Receita Federal admite validade de planejamentos entre empresas do mesmo grupo com autonomia real, mas restringe adoção de regimes de tributação distintos quando há confusão operacional


Na Solução de Consulta COSIT nº 72/2025, publicada em 15 de abril, a Receita Federal reconheceu que grupos econômicos podem manter estruturas societárias distintas e regimes de apuração diversos, desde que haja efetiva autonomia patrimonial, administrativa e operacional entre as empresas.

Segundo o entendimento, a existência de sócios comuns e atividades semelhantes não impede, por si só, a aplicação de regimes distintos como Lucro Real e Lucro Presumido, desde que a separação entre as empresas seja substancial — e não apenas formal. Essa autonomia deve estar refletida na realidade fática operacional, com estruturas próprias e gestão independente, afastando indícios de confusão patrimonial e funcional.

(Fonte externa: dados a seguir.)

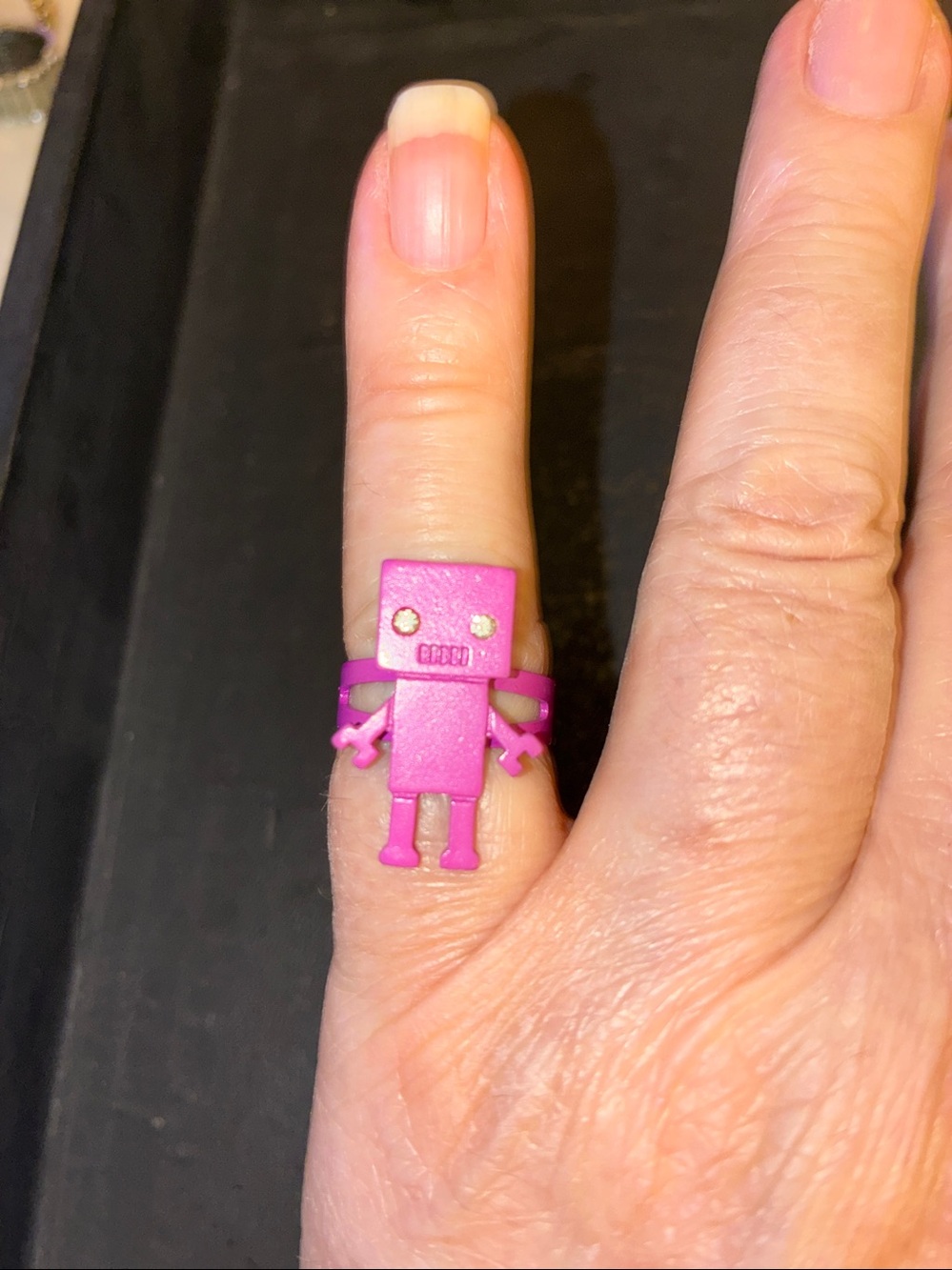 Pink Robot Ring - Fun Adjustable Accessory - Picture 10 of 10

Entretanto, o Fisco reforçou que, na ausência dessa autonomia, poderá desconsiderar as estruturas que envolvam a fragmentação de atividades entre múltiplas empresas para reduzir a carga fiscal, ainda que haja regularidade formal nas estruturas societárias. Indícios dessa fragmentação meramente formal são o mesmo quadro societário, mesmo grupo econômico, mesmo objeto social e mesma administração.

Esse posicionamento parte da premissa de que a mera segregação formal deve ser conjugada com autonomia patrimonial, administrativa e operacional entre as empresas. Na prática, a Receita busca coibir planejamentos tributários envolvendo a segregação de atividades com o único intuito de redução de carga tributária.

No entanto, o Conselho Administrativo de Recursos Fiscais (CARF) tem proferido decisões em sentidos distintos sobre essa matéria. Recente precedente do CARF (Acórdão nº 1401-007.372, julgado em 28/01/2025) reconheceu a validade de uma reorganização empresarial justamente em caso semelhante. Na ocasião, o Conselho afastou a autuação fiscal, reconhecendo:

  • a existência de propósito negocial legítimo e ausência de ato dissimulado;
  • a substância econômica das empresas envolvidas, autonomia financeira e operacional; e
  • e a impropriedade da metodologia fiscal adotada na lavratura da autuação pela Receita.

Segundo o CARF, a jurisprudência administrativa admite a fragmentação de atividades empresariais, ainda que exista economia tributária, desde que a segregação seja real e acompanhada de substância — com separação patrimonial, estrutura e autonomia operacional, em linha com a recente Solução de Consulta nº 72/2025. Os argumentos constantes do voto da decisão levados em consideração foram: (i) busca de aumento de eficiência, onde cada empresa está focada em determinado segmento; (ii) as atividades das empresas são distintas, embora uma forneça serviços que úteis e necessários à outra; (iii) empresas constituídas a vários anos com ativos próprios típicos e usuais do negócio; (iv) prestação de serviços para outras empresas fora do grupo econômico. Importante ressaltar que foi considerado inclusive que, embora houvesse o compartilhamento de estrutura administrativa e logística das empresas do Grupo, este fato, por si só, não teria o condão de infirmar a existência material de cada empresa.

De outro lado, o Acórdão nº 3101-003.989, de 18/12/2024, confirmou a autuação da Receita Federal ao concluir que houve simulação na segregação das atividades empresariais, com desmembramento apenas formal entre empresas que compartilhavam estruturas e operações. Já neste caso, alguns dos argumentos que levaram à manutenção da autuação pelo CARF foram: (i) as estruturas de comando são personalizadas e concentradas em um único administrador que assume posição de destaque como negociador, operador e controlador de todas as demais empresas do grupo; (ii) mesmo local de funcionamento, utilização de um mesmo conjunto de imobilizado, mesma estrutura de pessoal, mesmos fornecedores; (iii) mesmo nome fantasia em todos os contratos sociais; (iv) objeto social é o mesmo para todas as empresas; (v) mútuos sem contrato; (vi) abertura de empresas  à medida em que havia o incremento do faturamento do Grupo, demonstrando a intenção de se manter no limite autorizativo do lucro presumido; (vii) compartilhamento de despesas para minimizar o custo das atividades, contudo, sem qualquer rateio das despesas entre as empresas.

Através da análise das recentes decisões do CARF e mesmo de outras mais antigas, temos que é possível a segregação de empresas que gere um benefício fiscal. Contudo, é necessário comprovar se a organização societária não foi feita de forma artificial, nem puramente formal e simulada, para que possa ser oponível ao fisco, o que só ocorre quando da análise da situação fática.